= Ashley Stephenson (horticulturalist) =

Brirish horticulturalist (1927–2021)

Robert Ashley (Shute) Stevenson (1 September 1927 – 3 February 2021) was a British horticulturalist who worked for the Royal Parks. He was the Bailiff of the Royal Parks from 1980 until 1990.

==Career==
Stephenson was the first Bailiff of the Royal Parks who did not come from a privileged background. The Bailiff the Royal Parks is responsible for overall management of the royal parks of London, places that are now officially public parks designated by the Crown Lands Act (1851) but which originated as possessions of the monarch. Stephenson and his family lived in an official residence, the Ranger's Lodge in Hyde Park.

After attending Walbottle Secondary School, Stephenson joined the Parks Department of Newcastle-Upon-Tyne Corporation as an apprentice. He completed national service in Palestine and Cyprus within the Royal Army Service Corps and then worked for a private garden and a landscaping company. In 1954 he gained formal qualifications with a Diploma in Horticulture from studying at the Royal Horticultural Society garden in Wisley. From 1954 until retirement in 1990 he worked in The Royal Parks. He was promoted to Superintendent of Central Royal Parks in 1972 and was appointed Bailiff of Royal Parks in 1980. After he retired he was a consultant and also gave lectures on cruises until 2005.
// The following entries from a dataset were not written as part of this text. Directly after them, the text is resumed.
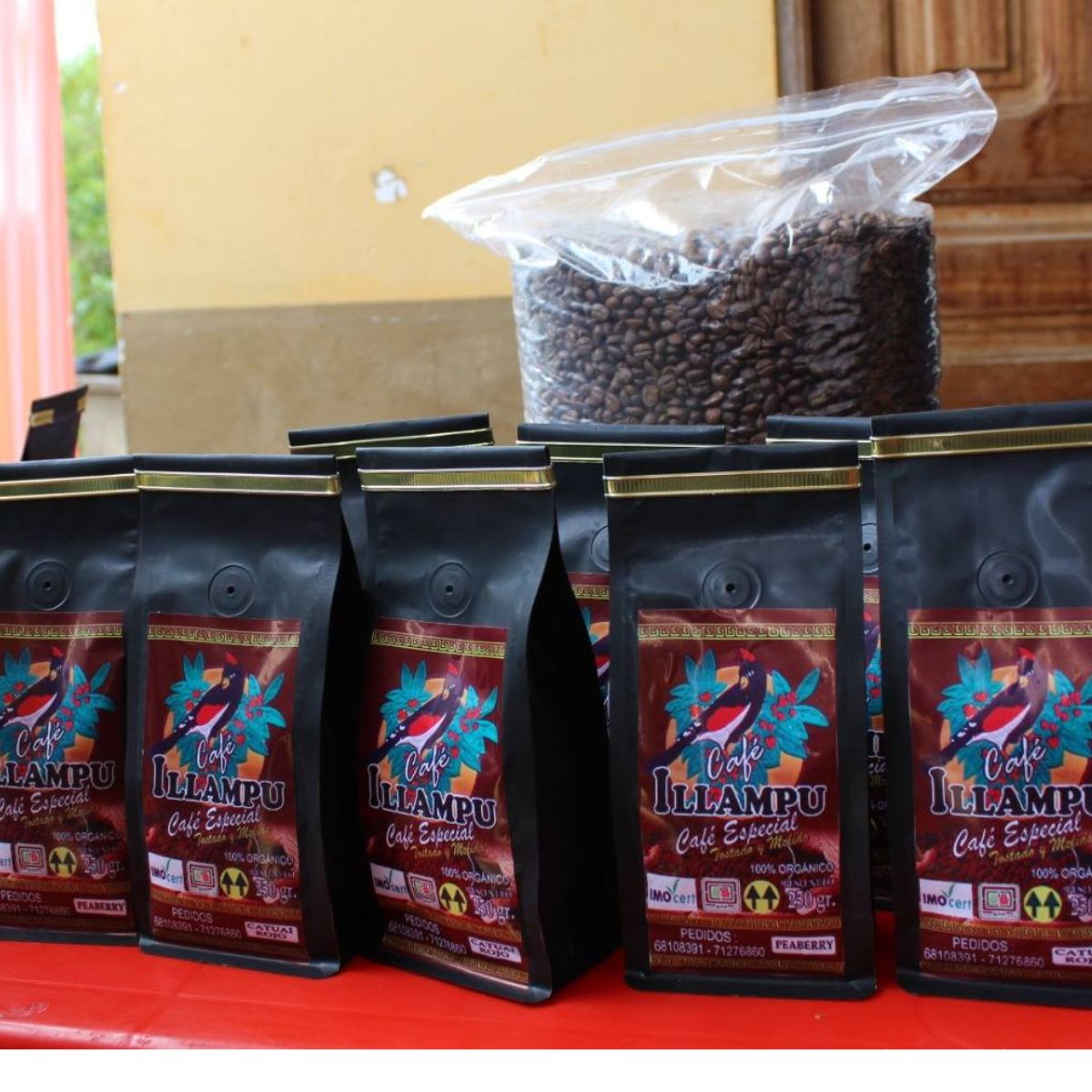 EN CARANAVI SE VIVIÓ UNA EXPERIENCIA QUE CONECTÓ LA PRODUCCIÓN CAFETALERA CON LA INDUSTRIA NACIONAL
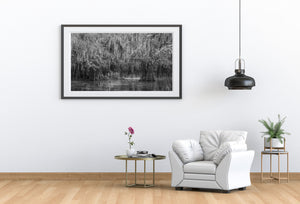 Still lake water reflects a dense stand of cypress trees beneath trailing Spanish moss.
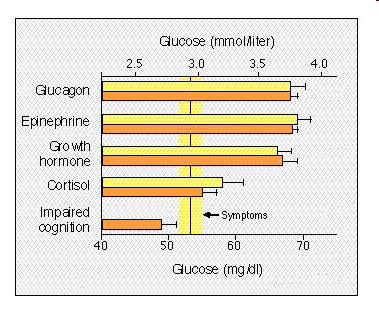 Hypoglykaemia első védekezés - inzulin elválasztás csökkenés, már 4.2 mmol/l-es vércukorszintnél megkezdődik, majd ezt követően aktiválódnak az ún.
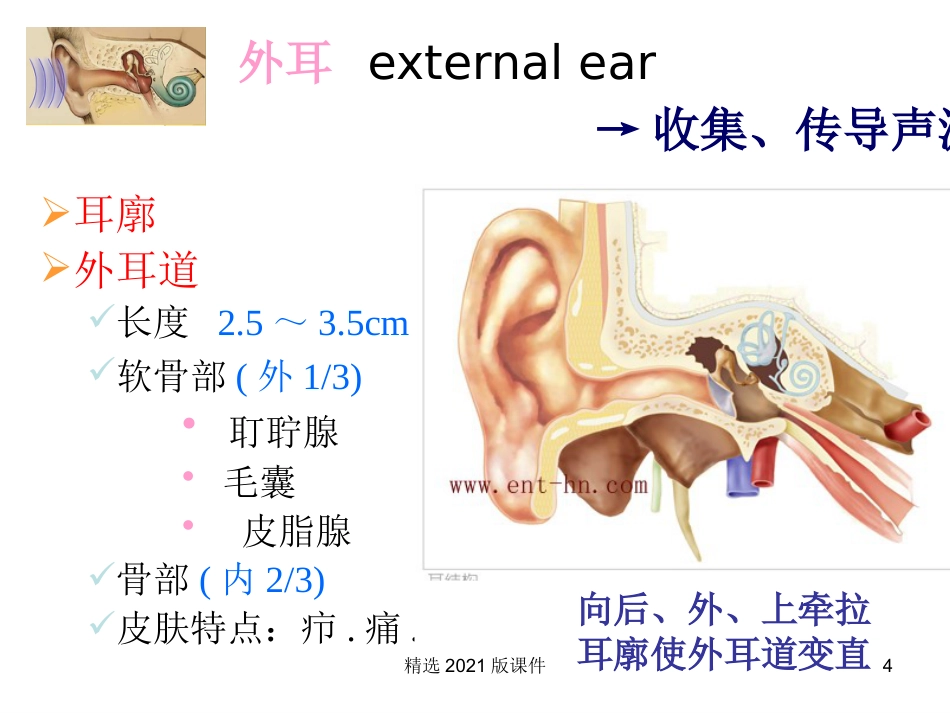 耳解剖及生理_第4页
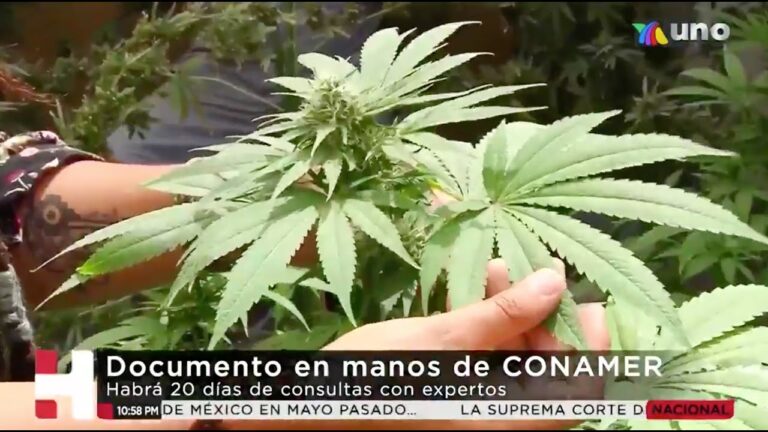 Alista la Secretaría de Salud el reglamento para uso medicinal de la cannabis y derivados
Stephenson was the gardening correspondent of The Times from 1982 until 1987 and wrote a weekly column in The Evening News newspaper under the pen name of Queen's Gardener as well as articles in Amateur Gardening magazines. He also wrote a book, The Garden Planner, published in 1981. He was active in committees of the Royal Horticultural Society and was a judge in flower shows. He was vice chair of London in Bloom in 1984 and also chaired South and South East in Bloom for several years. He was president of the British Pelargonium and Geranium Society from 1983 until 1995.

==Personal life==
Stephenson was born on 1 September 1927, in Newcastle upon Tyne. His parents were James and Agnes Maud Stephenson. In 1955 he married Isabel Dunn BEM (died 2020) and they had two children together. Stephenson died on 3 February 2021.

==Awards==
Stephenson was elected a Fellow of the Chartered Institute of Horticulture in 1998, after having been a Member since 1987. He was made a Member of the Royal Victorian Order in 1979 and promoted to a Lieutenant of the Royal Victorian Order in 1990. He was awarded the Veitch Memorial Medal in 1989 by the Royal Horticultural Society.

The Pelargonium x domesticum 'Ashley Stephenson' was named for him.